25. The applicant did not appear at the scheduled hearing to give evidence and present arguments as invited and despite the Tribunal requesting she do so, did not provide the Tribunal with any statement explaining why she disagreed with the decision, and other than those provided with her application, did not provide any documents or other material supporting her application or any submissions or written arguments relating to the issues in her case, or the grounds for cancellation or why her visa should not be cancelled, or at all. That is, the applicant has not provided the Tribunal with any further information than was provided to the Department.
26. As a result, the evidence before the Tribunal on this review application comprises:
a.the application, including the attached Notice of Cancellation and the Decision Record; and
b.the Department’s Notice of Intention to Consider Cancellation (NOICC) emailed to the applicant, dated 2 June 2017.
The NOICC
27. The Department’s NOICC issued 2 June 2017, notified the applicant it intended considering cancellation of her visa based on PRISMS evidence from which it appeared she had not been enrolled in a registered course of study since 28 September 2016, possibly breaching visa condition 8202(2)(a). The applicant was invited to provide her written response to the NOICC within five working days, addressing the identified ground(s) for cancellation, reasons why her visa should not be cancelled, the matters the delegate would take into account in considering whether to cancel her visa, being those matters in the Department’s Procedures Advice Manual (PAM3) ‘General visa cancellation powers’, and any other matter she considered relevant.
Decision Record
28. The Decision Record includes, relevantly:
a.the applicant was granted a Student (Temporary) (Class TU) Subclass 572 Vocational Education and Training Sector (Subclass 572) visa on 4 May 2016, with a stay period to 15 June 2018;
b.the Department’s NOICC issued on 2 June 2017 on the basis of PRISMS evidence that the applicant was not enrolled in a registered course of study since 28 September 2016.
c.although the applicant responded to an email sent to her by the Department seeking her consent to electronic communication, and the NOICC was emailed to her the same day she provided that consent, no response to the NOICC was the received by the Department, and the applicant did not either dispute the ground for cancellation existed or provide reasons why her visa should not be cancelled;
d.on evidence obtained from PRISMS, the applicant had not been enrolled in a registered course of study since 28 September 2016, in breach of visa condition 8202(2)(a);
e.there was no evidence suggesting the applicant’s originally intended purpose of her travel to and stay in Australia was other than study;
f.the failure to be enrolled since 28 September 2016 was the only identified breach of visa conditions;
g.the delegate accepted the applicant may be caused some financial difficulty as a result of visa cancellation but she may be eligible for a Bridging Visa E, providing time for her to finalise outstanding matters.

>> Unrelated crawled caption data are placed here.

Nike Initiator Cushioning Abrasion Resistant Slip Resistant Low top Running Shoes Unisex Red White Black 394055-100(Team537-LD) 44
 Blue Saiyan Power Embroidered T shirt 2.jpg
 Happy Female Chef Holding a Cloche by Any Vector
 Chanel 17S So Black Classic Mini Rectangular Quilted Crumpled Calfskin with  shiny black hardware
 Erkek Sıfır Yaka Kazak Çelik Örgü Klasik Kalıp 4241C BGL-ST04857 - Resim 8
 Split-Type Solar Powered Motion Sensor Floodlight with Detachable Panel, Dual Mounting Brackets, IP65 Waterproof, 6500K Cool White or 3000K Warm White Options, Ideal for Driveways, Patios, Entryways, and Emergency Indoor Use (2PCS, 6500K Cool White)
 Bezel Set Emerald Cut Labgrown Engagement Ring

She would, upon cancellation, become an unlawful non-citizen and be liable for detention under s189 and removal under s198 of the Act if she did not voluntarily depart Australia. Additionally, she would be subject to s.48 of the Act, meaning she would have limited options to apply for further visas in Australia, and may be required to return to her home country. She would also be subject to Public Interest Criterion 4013.
h.the ground for cancellation arose as a result of the applicant failing to maintain her enrolment;
i.there was no evidence the applicant has been uncooperative with the Department, or that there are any legal consequences for a decision to cancel the visa;
j.there were no persons in Australia whose visas may be cancelled under section 140 of the Act;
k.the circumstances of the case were not such that would engage Australia’s international obligations.
DOES THE GROUND FOR CANCELLATION IN S.116(1)(B) OF THE ACT EXIST?
Did the applicant comply with Condition 8202?
29. The applicant had, as at the hearing date, been on notice of the ground on which her visa was cancelled for slightly more than two years and in that time, despite the Tribunal’s requests in its review application acknowledgement and hearing invitation, has not provided any documents or submissions supporting her application and has not disputed the ground for cancellation existed or provided reasons why her visa should not be cancelled. The applicant failed to attend the hearing, and failed to give any evidence at hearing and present arguments or to provide details of her past studies in Australia as invited. As the Tribunal has not had the opportunity to take evidence at a hearing from the applicant about her studies in Australia or the issues in her case or in relation to the ground for cancellation or why her visa should not be cancelled, or at all, and as the applicant has failed to respond to Tribunal correspondence seeking documents or submissions supporting her application, the Tribunal is unable to be satisfied that the applicant was enrolled in any course of study since 28 September 2016.
30. Accordingly, the Tribunal is satisfied the applicant was not enrolled in a registered course of study since 28 September 2016, in breach of visa condition 8202(2)(a).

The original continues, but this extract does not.